I'll be completely honest. The environment in the forums was making me uncomfortable before I stopped coming last. I didn't really hide that I didn't like people making separate names and/or personalities for their deer and producing huge posts/threads about them. I don't roleplay. I can't and choose not to keep up with it. I felt offended when I was basically told rather blatantly to leave everyone else alone. So, okay... I started only skimming the forums that stuff took place on, and eventually stopped reading them at all. The fact that I now realize I had actively begun avoiding picture threads saddens me (if anyone knows me at all, it should be apparent why).
I have no idea what was going on in those forums recently. Can't say I'm particularly interested in knowing. As just a thought though, I'll say what I always liked about the Endless Forest community when I was active: The refreshingly candid relationship between the people who created it and the people who play it. The fact that there are people who don't like the game was always treated as unimportant. Mistakes from newbies and old regulars alike were treated as not a big deal, or at least nothing more than something to laugh about with no malice intended. Similarly, discoveries, no matter how big or small, or how well-known it already was, were celebrated with equality. These are only a few things.

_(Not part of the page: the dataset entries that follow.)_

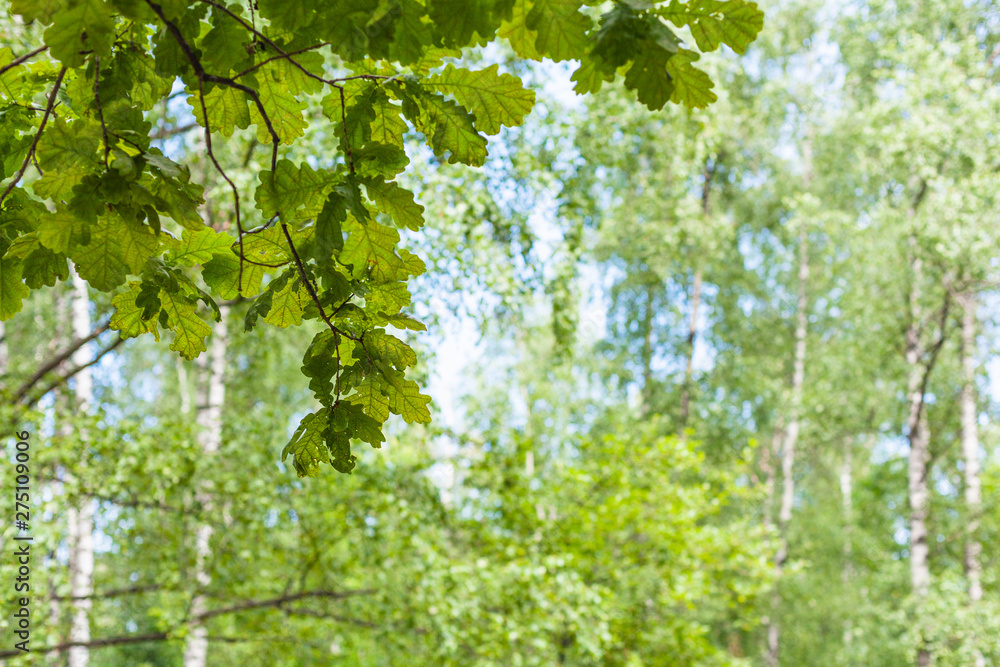Fototapeta premium oak tree twiig in forest with blurred birch grove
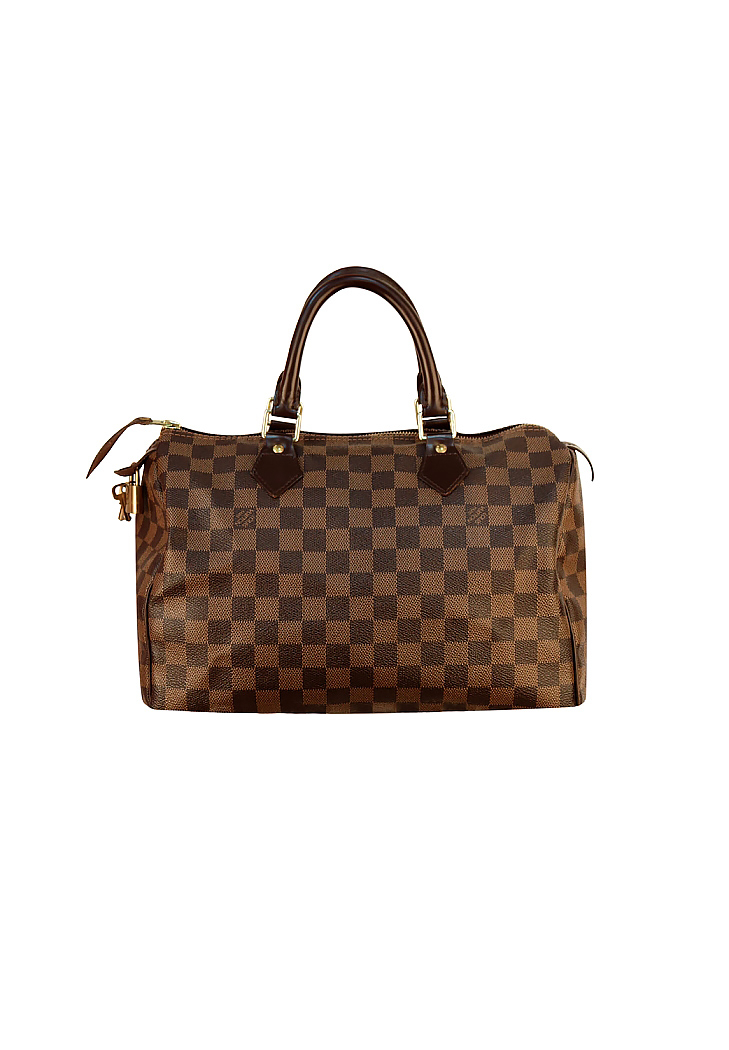 Louis Vuitton Speedy Damier Ebene Bag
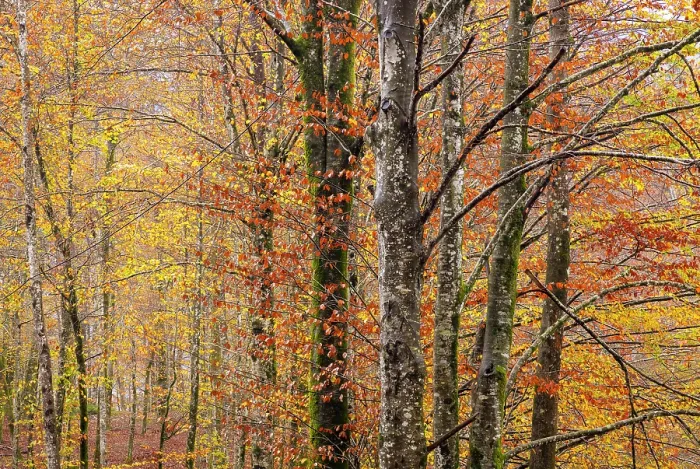 Framed Print : Deciduous woodland in autumn, showing fall colours, Bohinj, Slovenia Framed Print : Deciduous woodland in autumn, showing fall colours, Bohinj, Slovenia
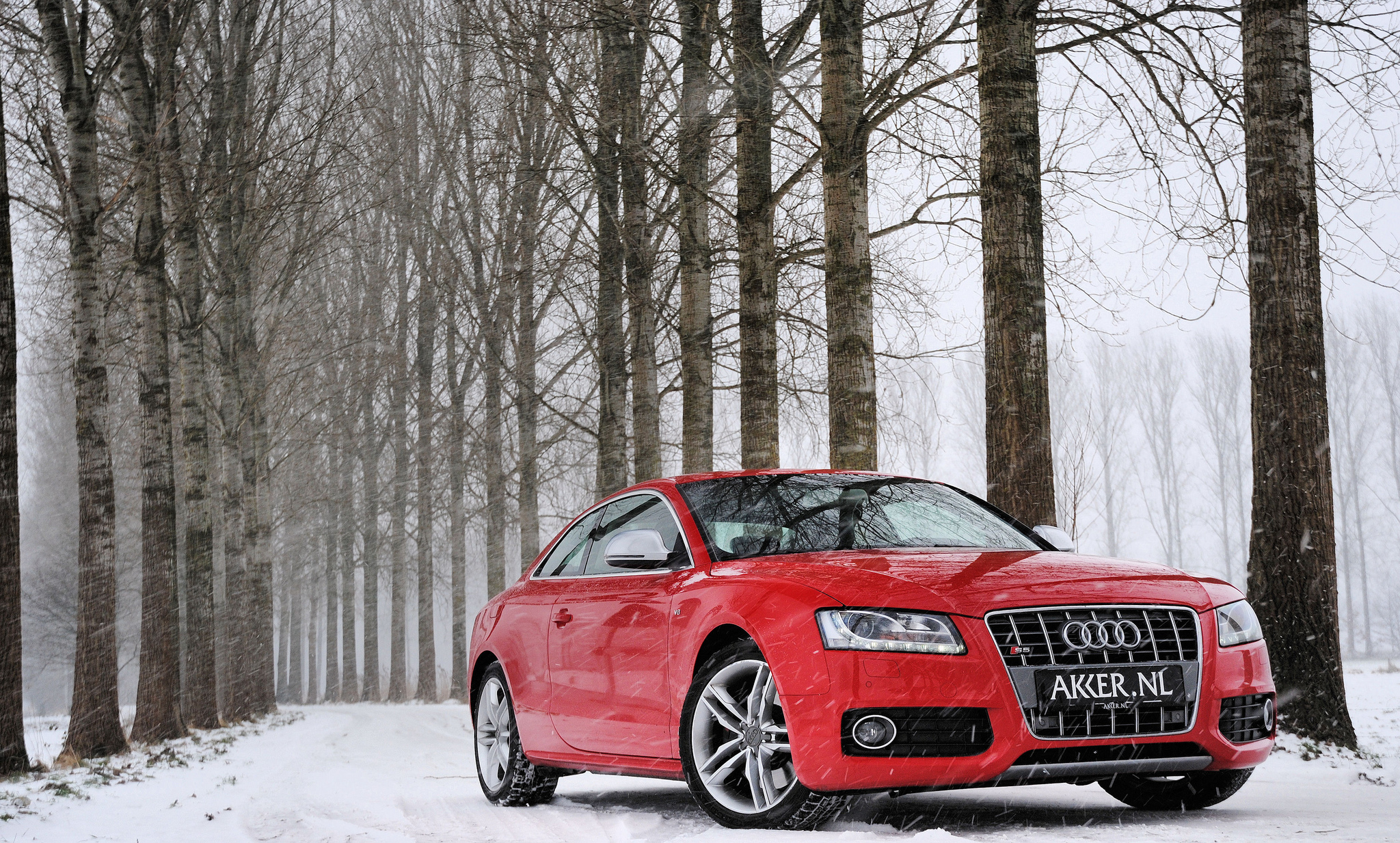 Audi s5 Red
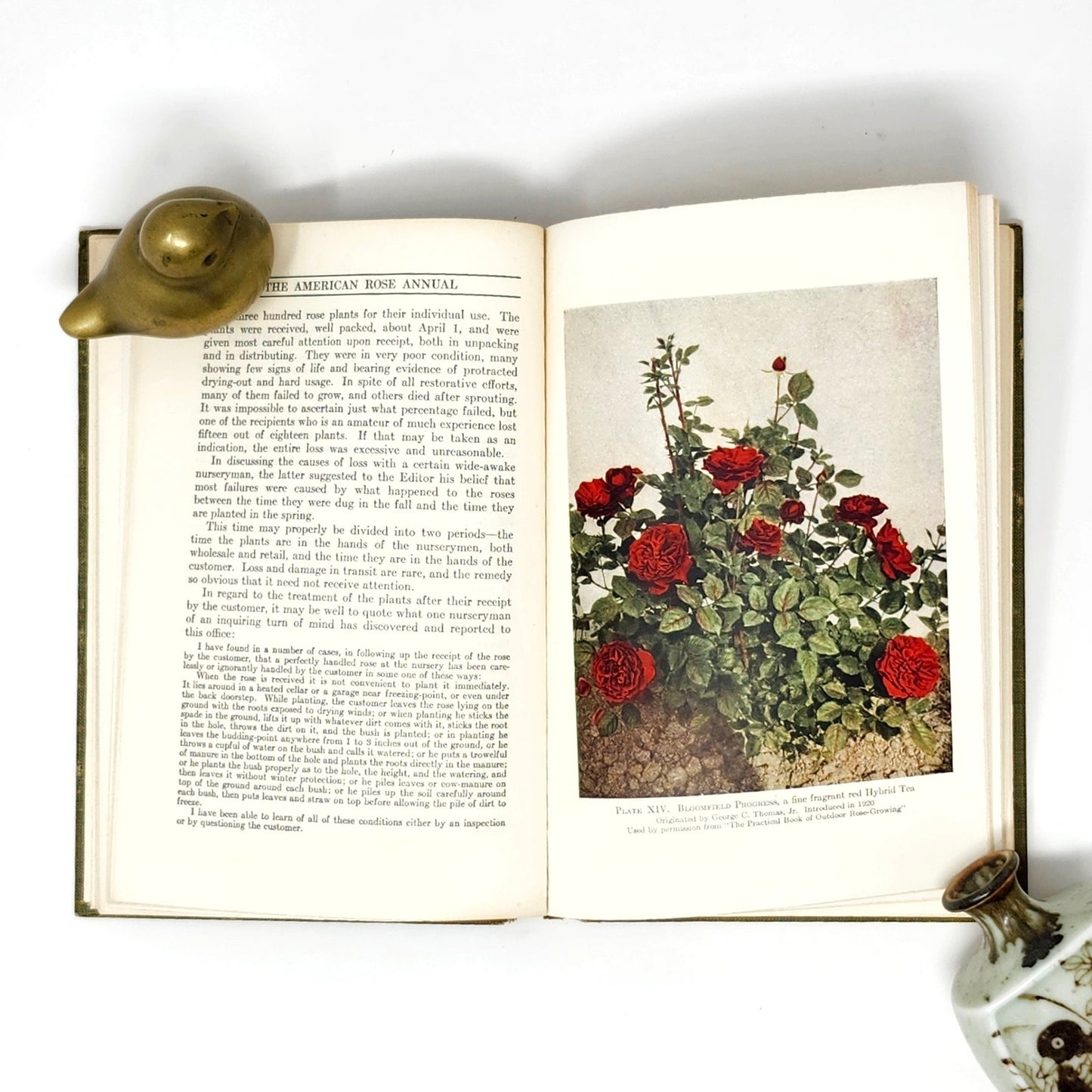 American Rose Annual 1926 — McFarland, Antique Rose Society HC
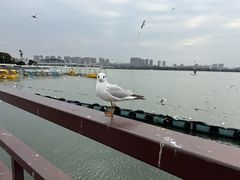-蠡湖大桥公园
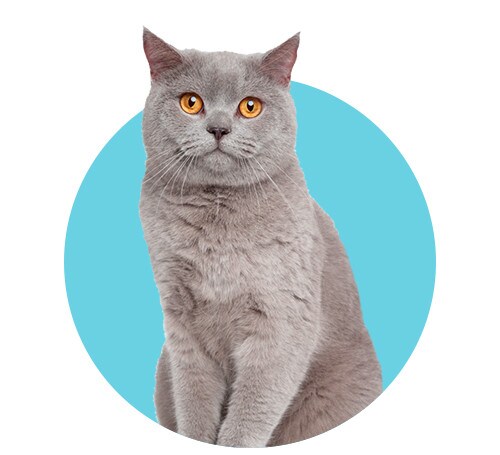 Productos para gato
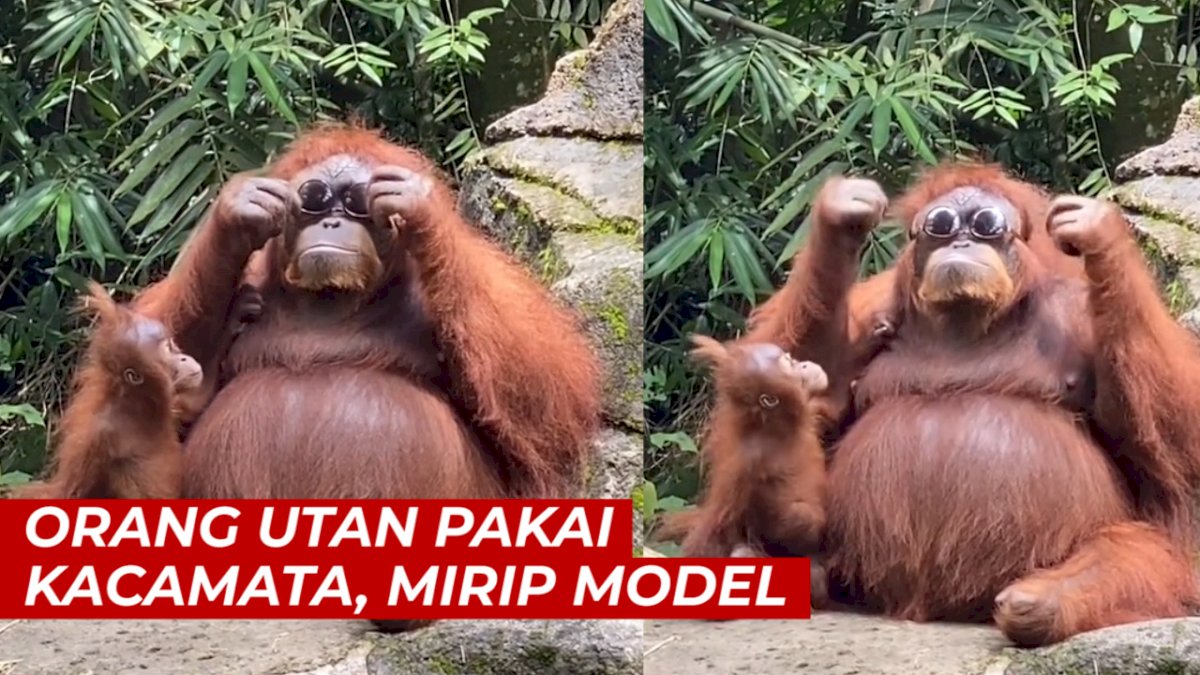 VIDEO: Momen Unik, Orang Utan Pakai Kacamata Pengunjung yang Terjatuh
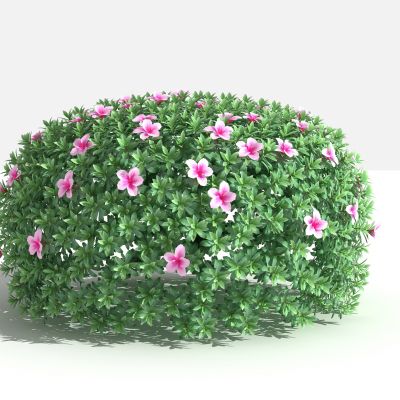 杜鹃球 灌木 树 植物 花 草 景观植物 园林 小区植物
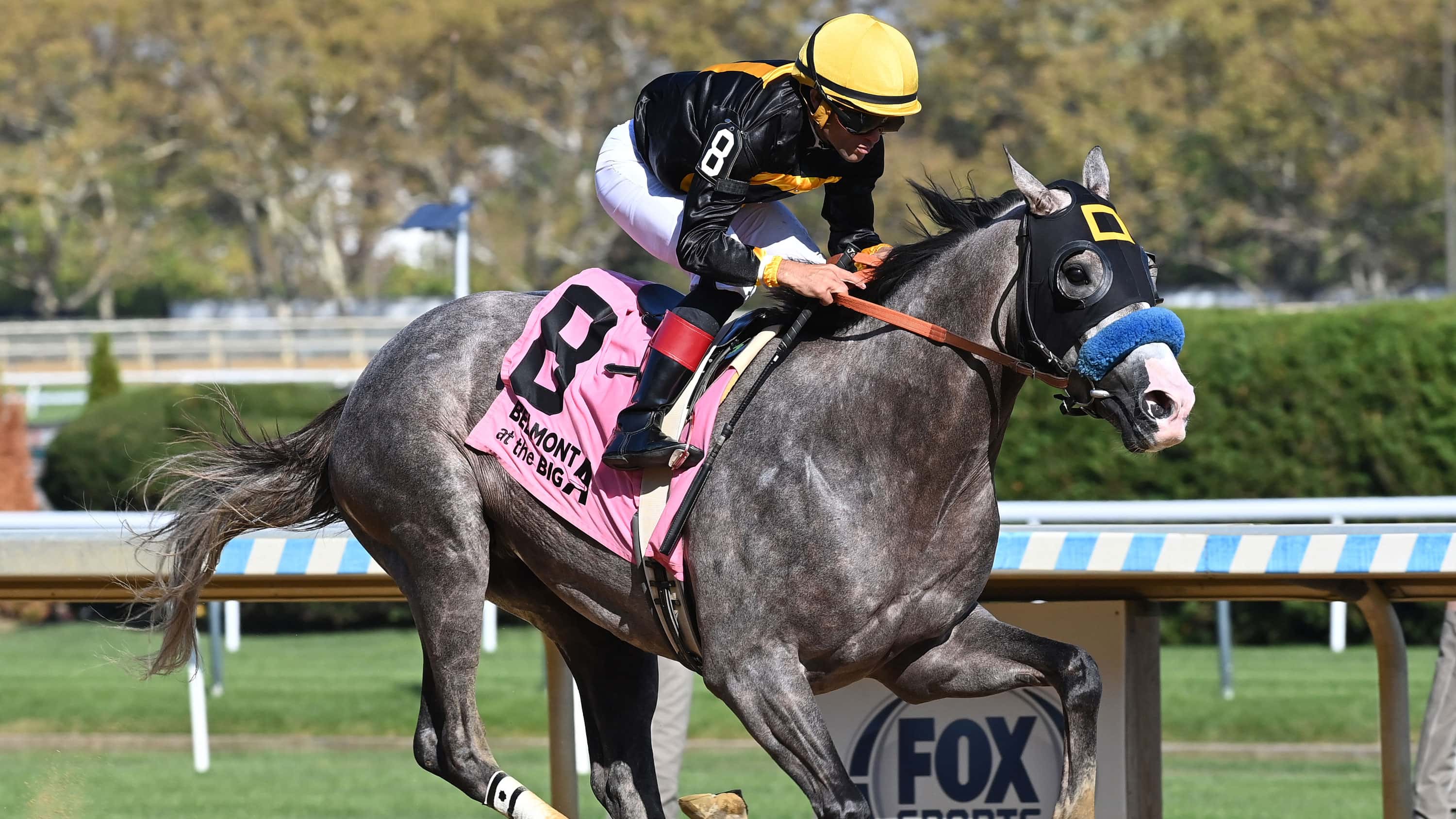 Napoleon Solo Breezes for G2 Coolmore Fountain of Youth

Do I think the forums should be re-opened? As an outsider at this time, I can't really say. I hope that if the message was intended for any people in particular, they got the hint. An Endless Forest future without discussion- at least about the features, and about just the simple fun of playing such a simple game, seems really bleak to me. I hope it feels bleak to other players too.
Hi Anduin. I'm glad to hear
I'm not really sure how I feel about the forums going down. There was getting to be more and more drama, and the people who visited seemed to be getting more and more irritating, but my way of dealing with it was to just not get involved. I skimmed the new posts every couple of days but never really commented, and ones that seemed too retarded I just didn't read. So, the forum closure doesn't really impact me very much since I wasn't using it that much anyway...but at the same time there are parts of it I'm going to miss. I'm going to miss being able to easily look up people's pictos or keep in contact with all the awesome people I've met through the forums, I'm going to miss all the concept art, and I'm especially going to miss the troubleshooting board because I thought that was really useful. I'm not really going to miss the diaries, or the gossip about whose deer is doing what, or afore-mentioned Really Irritating and Juvenile forum attendees.
And, as you say, I'm really going to miss the interaction between the players and the creators at the forum, because I think that is an AWESOME thing, the likes of which I've never seen for any other game or program. That is not to say that either of the creators do not use this community site, because they do, and I'm really glad there's still a way to feel close to them (and I'm thankful! Michael and Auriea, if you're reading this, please never abandon us completely because we love you!)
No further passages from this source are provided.